Optimising your Android game

Sometimes – especially when you write your game testing in only on a desktop computer – you discover that it runs slow on some devices. It’s the best time to start optimising. This article is based mostly on my experience with using libGDX and box2D so it will concentrate on that libraries but most tips here are useful with any Java/Android game engine.

Where to start?

First off, don’t optimise until you notice slowdowns. Check your game on the slowest devices you have and only optimise if they run slow – or on fast devices you get less than 60 FPS.

Until you begin use profiling – measure what is the slowest part and fix that first. You can use my TimeLogger class – but it was written in a hurry and is quite ugly (but works!). Make sure you check averaged times from many frames and not judge what is slow by one frame results.

When you find what is causing slowdowns you are ready.

Garbage Collector

Since you are most likely to write Android games in Java make sure you understand the implications of Garbage Collector. Because every time it cleans unused objects you have to avoid basically two things: creating new objects, disposing of old objects in the game loop. Of course you can create new objects from time to time but make sure you do it in natural game breaks (for example when loading new level – not in the middle of it). And don’t overreact – occasional String created once a second won’t affect performance (although avoid creating one each frame – for example by converting some numbers to strings).

When possible reuse objects – I keep them in an Array and give each one a “reset” method that allows me to easily reuse them for example for particles or score text showing up over game elements. I go through such Array circularly. Since the size of the Array dictates how many particles in total can be shown on screen I can also lower it for slower devices to have an easy way to avoid slowdowns (due to too much sprites to draw).

Graphics and drawing

Good thing would be to provide high and low resolution versions and swap them depending on resolution of the device the game is running on. It might increase the size of the APK significantly though.

Always pack all your images into a neat pack (TexturePacker in libGDX) like that:


When drawing using SpriteBatches don’t use more than one or two unless you really need to. In libGDX there is a neat feature for checking how many renderCalls are you making – the less the better. When your TextureAtlas contains more than one page during drawing there will probably be a lot of texture swaps – it’s better (in my opinion) to make more than one TextureAtlas but each with only one page. Put images for menus in one atlas, images for in-game graphics in second, images for selecting level in third – that way there will be less texture swaps and in result less render calls.

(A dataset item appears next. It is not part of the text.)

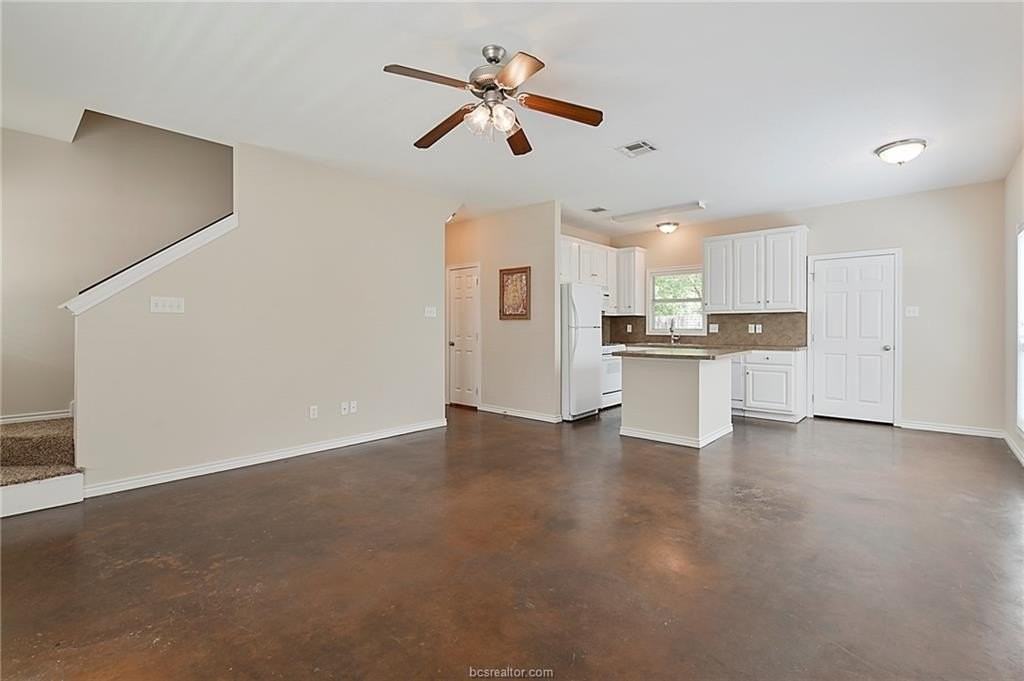 613 Columbus St - Photo 3 of 18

Use culling – make sure you don’t draw outside of the screen. It only slows things down and is invisible anyway, so why do it? Again – libGDX has some culling implemented in Group (But keep in mind it is very simple and won’t work well for rotated objects – so use with caution.  In my case I setup the are for culling to be a little bigger than the screen.) Also semitransparency can be very slow on some devices – use it with consideration, when drawing images make sure you don’t have some semitransparent pixels in the background that you left by mistake. Also don’t draw too many sprites with alpha set to something other than 1. And don’t draw sprites that have alpha 0.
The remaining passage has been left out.